How to complete this task ::
All of the data below is to be output exactly as written.

(Entries taken from a collection)
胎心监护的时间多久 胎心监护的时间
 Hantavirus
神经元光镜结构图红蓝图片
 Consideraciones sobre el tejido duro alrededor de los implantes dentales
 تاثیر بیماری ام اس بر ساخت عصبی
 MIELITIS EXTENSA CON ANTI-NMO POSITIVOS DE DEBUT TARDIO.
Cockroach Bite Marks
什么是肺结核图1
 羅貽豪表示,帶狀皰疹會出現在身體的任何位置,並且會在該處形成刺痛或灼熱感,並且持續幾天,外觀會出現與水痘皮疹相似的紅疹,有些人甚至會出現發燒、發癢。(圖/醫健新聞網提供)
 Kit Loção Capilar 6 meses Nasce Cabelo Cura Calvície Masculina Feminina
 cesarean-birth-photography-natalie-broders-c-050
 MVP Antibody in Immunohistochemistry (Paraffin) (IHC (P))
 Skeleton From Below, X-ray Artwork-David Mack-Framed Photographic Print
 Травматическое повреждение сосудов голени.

Finished task ::
胎心监护的时间多久 胎心监护的时间
 Hantavirus
神经元光镜结构图红蓝图片
 Consideraciones sobre el tejido duro alrededor de los implantes dentales
 تاثیر بیماری ام اس بر ساخت عصبی
 MIELITIS EXTENSA CON ANTI-NMO POSITIVOS DE DEBUT TARDIO.
Cockroach Bite Marks
什么是肺结核图1
 羅貽豪表示,帶狀皰疹會出現在身體的任何位置,並且會在該處形成刺痛或灼熱感,並且持續幾天,外觀會出現與水痘皮疹相似的紅疹,有些人甚至會出現發燒、發癢。(圖/醫健新聞網提供)
 Kit Loção Capilar 6 meses Nasce Cabelo Cura Calvície Masculina Feminina
 cesarean-birth-photography-natalie-broders-c-050
 MVP Antibody in Immunohistochemistry (Paraffin) (IHC (P))
 Skeleton From Below, X-ray Artwork-David Mack-Framed Photographic Print
 Травматическое повреждение сосудов голени.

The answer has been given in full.